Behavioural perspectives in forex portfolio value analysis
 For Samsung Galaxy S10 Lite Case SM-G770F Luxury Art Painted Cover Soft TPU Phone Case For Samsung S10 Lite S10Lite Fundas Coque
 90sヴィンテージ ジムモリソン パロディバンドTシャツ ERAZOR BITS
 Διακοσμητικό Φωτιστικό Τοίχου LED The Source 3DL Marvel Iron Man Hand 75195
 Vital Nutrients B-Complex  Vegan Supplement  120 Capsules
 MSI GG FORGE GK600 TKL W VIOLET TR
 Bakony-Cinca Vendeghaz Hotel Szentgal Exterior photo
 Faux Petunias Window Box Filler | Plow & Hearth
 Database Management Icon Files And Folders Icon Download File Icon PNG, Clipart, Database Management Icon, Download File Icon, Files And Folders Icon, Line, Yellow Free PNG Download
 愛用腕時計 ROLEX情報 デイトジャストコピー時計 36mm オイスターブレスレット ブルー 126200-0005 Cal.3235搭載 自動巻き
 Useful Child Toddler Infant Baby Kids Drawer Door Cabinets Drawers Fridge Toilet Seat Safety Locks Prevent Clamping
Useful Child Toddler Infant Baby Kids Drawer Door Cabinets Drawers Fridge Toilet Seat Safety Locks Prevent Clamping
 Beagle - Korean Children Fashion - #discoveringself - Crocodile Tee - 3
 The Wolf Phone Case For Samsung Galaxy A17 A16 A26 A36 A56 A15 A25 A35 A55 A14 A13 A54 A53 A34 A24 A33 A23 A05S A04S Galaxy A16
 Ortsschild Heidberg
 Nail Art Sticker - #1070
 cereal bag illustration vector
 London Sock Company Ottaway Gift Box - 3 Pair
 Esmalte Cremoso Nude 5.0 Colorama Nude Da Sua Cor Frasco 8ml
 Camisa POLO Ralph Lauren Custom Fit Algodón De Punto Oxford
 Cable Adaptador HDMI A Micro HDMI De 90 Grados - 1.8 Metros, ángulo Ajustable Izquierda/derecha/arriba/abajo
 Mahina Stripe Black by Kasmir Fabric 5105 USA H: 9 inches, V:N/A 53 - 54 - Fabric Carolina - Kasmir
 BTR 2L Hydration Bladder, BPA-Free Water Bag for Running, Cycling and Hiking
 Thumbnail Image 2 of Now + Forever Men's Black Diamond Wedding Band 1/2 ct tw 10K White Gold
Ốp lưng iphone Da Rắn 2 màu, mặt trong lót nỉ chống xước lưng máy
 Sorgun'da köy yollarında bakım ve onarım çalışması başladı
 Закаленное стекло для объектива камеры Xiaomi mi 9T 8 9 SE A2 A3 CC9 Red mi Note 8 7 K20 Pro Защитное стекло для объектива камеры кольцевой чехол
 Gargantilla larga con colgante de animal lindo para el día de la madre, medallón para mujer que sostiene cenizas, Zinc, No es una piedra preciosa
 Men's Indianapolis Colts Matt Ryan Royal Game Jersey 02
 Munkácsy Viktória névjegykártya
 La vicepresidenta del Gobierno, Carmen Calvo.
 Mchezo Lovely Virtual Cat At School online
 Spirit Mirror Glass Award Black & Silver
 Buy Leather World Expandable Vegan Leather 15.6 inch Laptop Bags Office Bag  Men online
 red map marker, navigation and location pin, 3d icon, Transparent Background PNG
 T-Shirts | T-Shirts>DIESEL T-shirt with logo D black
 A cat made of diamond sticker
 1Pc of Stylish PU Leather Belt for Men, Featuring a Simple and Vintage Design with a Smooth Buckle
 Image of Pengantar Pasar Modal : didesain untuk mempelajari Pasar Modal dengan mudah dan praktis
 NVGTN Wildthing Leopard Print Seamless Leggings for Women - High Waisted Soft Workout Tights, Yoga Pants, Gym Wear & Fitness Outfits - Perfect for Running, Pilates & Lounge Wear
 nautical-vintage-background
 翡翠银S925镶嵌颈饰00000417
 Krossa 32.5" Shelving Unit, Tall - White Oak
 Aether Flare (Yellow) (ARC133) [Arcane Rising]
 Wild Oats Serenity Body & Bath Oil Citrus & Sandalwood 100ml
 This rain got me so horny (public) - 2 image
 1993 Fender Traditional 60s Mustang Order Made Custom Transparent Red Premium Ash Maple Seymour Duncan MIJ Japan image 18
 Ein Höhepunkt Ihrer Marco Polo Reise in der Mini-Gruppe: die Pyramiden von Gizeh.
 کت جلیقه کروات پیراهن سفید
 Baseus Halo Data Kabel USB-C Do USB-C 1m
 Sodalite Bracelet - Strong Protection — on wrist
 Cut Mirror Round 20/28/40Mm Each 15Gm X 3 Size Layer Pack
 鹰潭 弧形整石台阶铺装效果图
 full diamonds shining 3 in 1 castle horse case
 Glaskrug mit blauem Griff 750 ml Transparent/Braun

**********

* [WHAT YOU HAVE TO DO]
Check every line of the entries for "Clamping" and report how many lines contain it, without any other words.

* [WRITTEN ANSWER]
2